Among his more memorable games in the NFL include becoming the first quarterback in Steeler history to complete over 80% of his passes (minimum 20 attempts) in a game vs. San Diego on November 25, 1984 (18 completions in 22 attempts, 253 yards, 4 touchdowns, 1 interception); won AFC Offensive Player of the Week for his opening day 1985 performance vs. Indianapolis (21 completions in 30 attempts for 287 yards, 5 touchdowns passing, 1 rushing) that included tying Hall of Famer Terry Bradshaw's team record for single game touchdown passes; passed for a career-high 374 yards on 26 completions with three touchdowns vs. Cincinnati on September 30, 1985; was the starting quarterback when Pittsburgh became the first visiting team to beat the Denver Broncos in the post season, leading the Steelers to a come from behind 24–17 victory in the 1984 AFC Divisional Game on December 30, 1984 (overcame two early fumbles to complete 17 of 28 passes for 228 yards and threw the game-tying touchdown pass to Louis Lipps); earned the final victory of his career as a starting quarterback against Pittsburgh, completing 17 of 24 passes, throwing a touchdown and scoring 1 rushing to lead San Diego to a 20–14 win over Pittsburgh on December 11, 1988; set a Steeler post season record (since eclipsed by Neil O'Donnell and Tommy Maddox) for single-game passing-yards for his 336-yard performance vs.

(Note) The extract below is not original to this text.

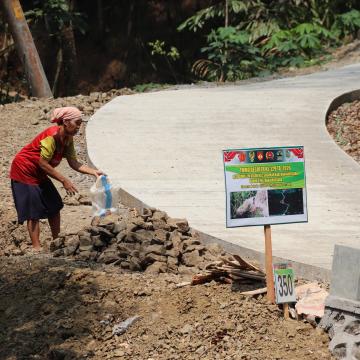 Setumpuk Batu Sejuta Harapan Perjuangan Mbah Sariem untuk Jalan Impian Desa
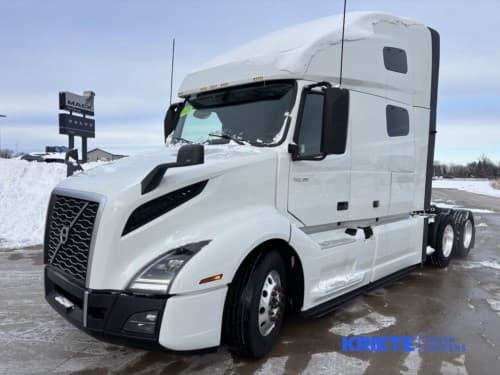 2023 Volvo VNL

Miami in the 1984 AFC Championship Game (completed 20 of 36 passes; threw 3 touchdowns and 3 interceptions).

Sportscasting career
After his playing career ended, Malone became a television sportscaster, working at WPXI in Pittsburgh and ESPN, where he was a host and analyst on the programs NFL Matchup, NFL Live and NFL 2night. He became a four-time Emmy Award Winner as the sports director at WBBM-TV in Chicago from 2004 until 2008, when his contract was not renewed (amongst others at the station) in an effort to cut costs. Malone then moved to Westwood One as a color commentator for its NFL coverage. Since April 1, 2013, Mark has co-hosted a radio talk show broadcast by NBC Sports Radio with former NFL quarterback Donovan McNabb. Under Center with Mark Malone has since relaunched with a new time slot, now on the air from 7-10p ET.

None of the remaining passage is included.